On 2 August 2023, the Commonwealth Ombudsman published a terse report outlining its findings after an investigation into the lawfulness of ‘income apportioning’ — a method of debt calculation used by Australian welfare agencies DHS and DSS since at least 2003 (ie, for more than 17 years).
As the Report states, this process, as it turns out — after all these years! — is unlawful. This is an astonishing finding, and all the more so in the wake of the Robodebt Royal Commission. While the Ombudsman, and relevant ministers of the current government, have been at pains to distinguish the so-called section 1073B error from the robodebt error, my provisional analysis has led me to conclude that the two are not just linked or overlap but are intrinsically interwoven.
Of course, the Ombudsman is no court; and the statement that so many debts are unlawful is — though informed by legal advice of the agencies and no doubt its own legal analysis — far from the final word on the matter. Indeed, that is really at the heart of the issue. The matter is far from resolved.
Whenever I have had any time over the last 10 days, I have been following up on this extraordinary development. I have made two long videos: one reviewing the report (1hr 40 mins) and one (around 90 minutes) that speculates on why the Ombudsman has so clearly said that so many debts calculated under s 1073B of the Social Security Act 1991 (Cth) are unlawful.
The two of them are here:
I have also now written a detailed blog post on my research so far on my Welfare Law in Australia substack site here. I extract the first few paragraphs below but encourage interested readers to explore the full text on the substack.

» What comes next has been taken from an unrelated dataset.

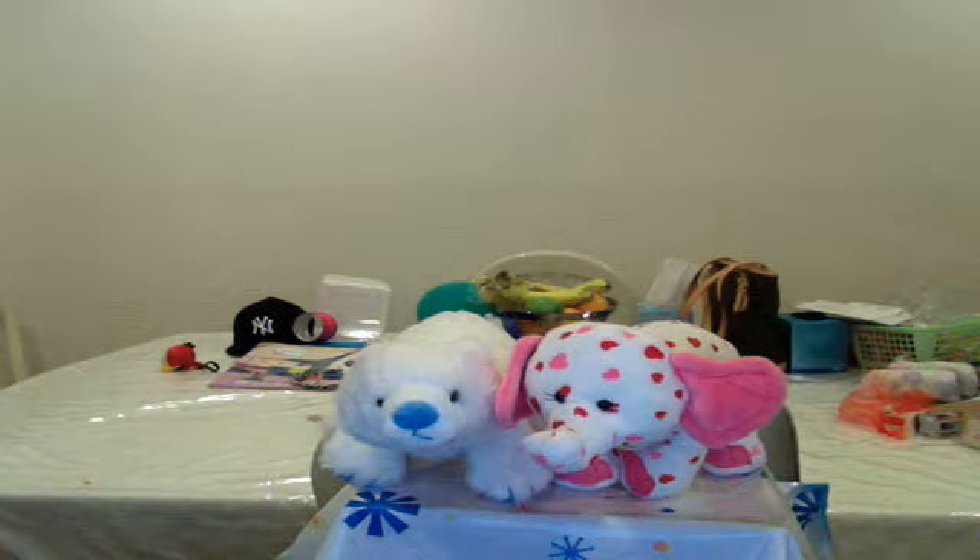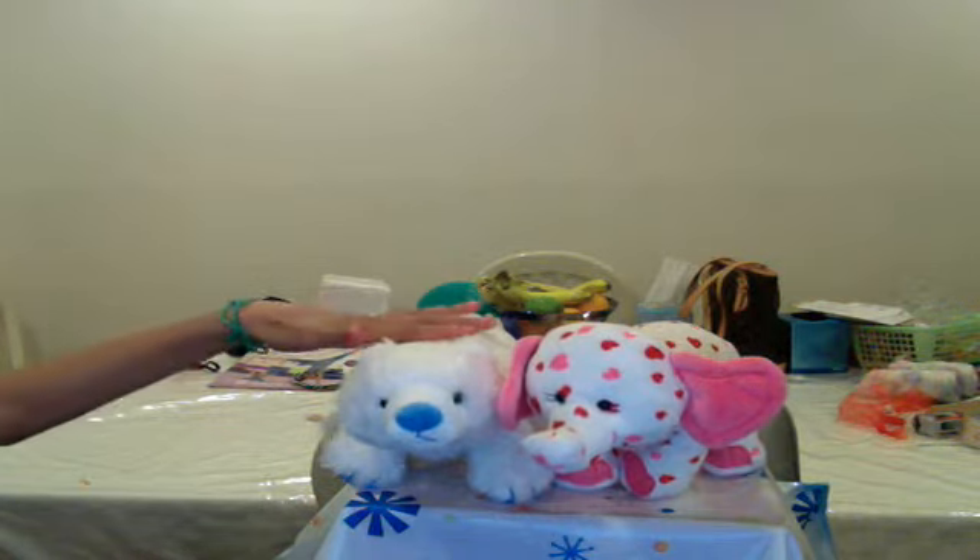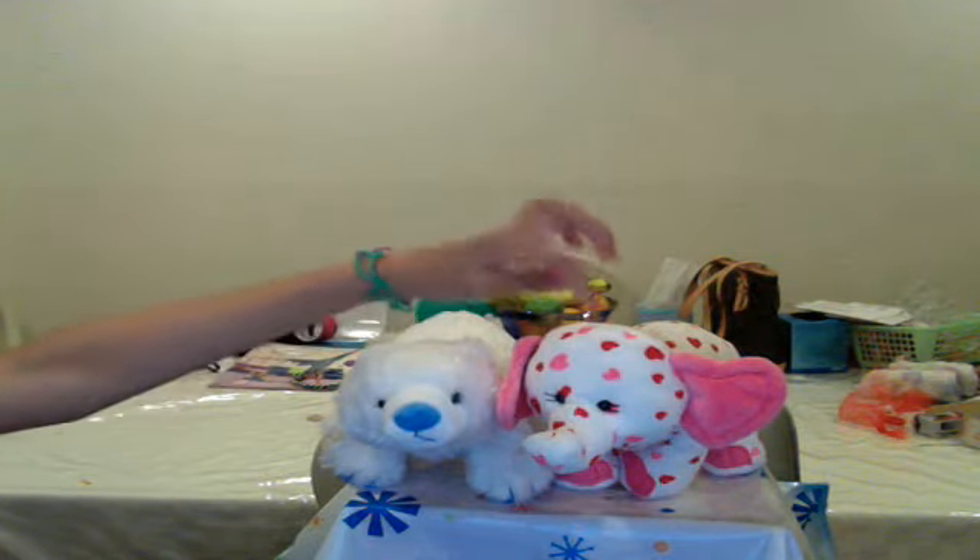I want to show you some new duct tapes I got at Michael's and a purse I made out of 95% duct tape. But first, I'm going to show you some new cute Webkinz that I got. I got Brisky the Polar Bear and Ella the Love Elephant. I got this one on Valentine's Day and this one for Christmas.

Firstly, in the context of the legal advices the agencies have received, and in view of the fact that the Ombudsman states the practice is unlawful, the Report recommends that Services Australia (SA) and the Department of Social Security (DSS) should obtain a declaration of the law. It makes this recommendation in two parts, as recommendation 1A and 1B.
Notably, this first recommendation refers not only to the way in which the agencies have historically calculated the debts, but also to the way they have calculated the debts since 2021, when the Ombudsman first brought the matter to the agencies’ attention. Since that time, the agencies have developed a position or form of guidance contained in the so-called General Instructions that directs decision-makers about how to putatively lawfully calculated social security entitlements prior to December 2020. However, because there has not been any legal declaration on this guidance, nor on the original, pre-Guidance calculation method, the first recommendation asks the agencies to get that clear advice on both methods.
— 1A: SA and DSS should seek the opinion of the Solicitor-General (SG) through a referral under Law Officers Act 1964 (Cth).
— 1B: SA and DSS should seek a Federal Court of Australia ‘opinion’ through referral by the Administrative Appeals Tribunal (AAT) under the Administrative Appeals Tribunal Act 1975 (Cth).
Before we move on, it is worth looking at the legal provisions underlying these recommendations.
The referral to the SG is said to be authorised by the AG under the Law Officers Act 1964 (Cth) (‘LO Act’) but, as is common in brief Reports of this nature, the Report does not name the section authorising this action.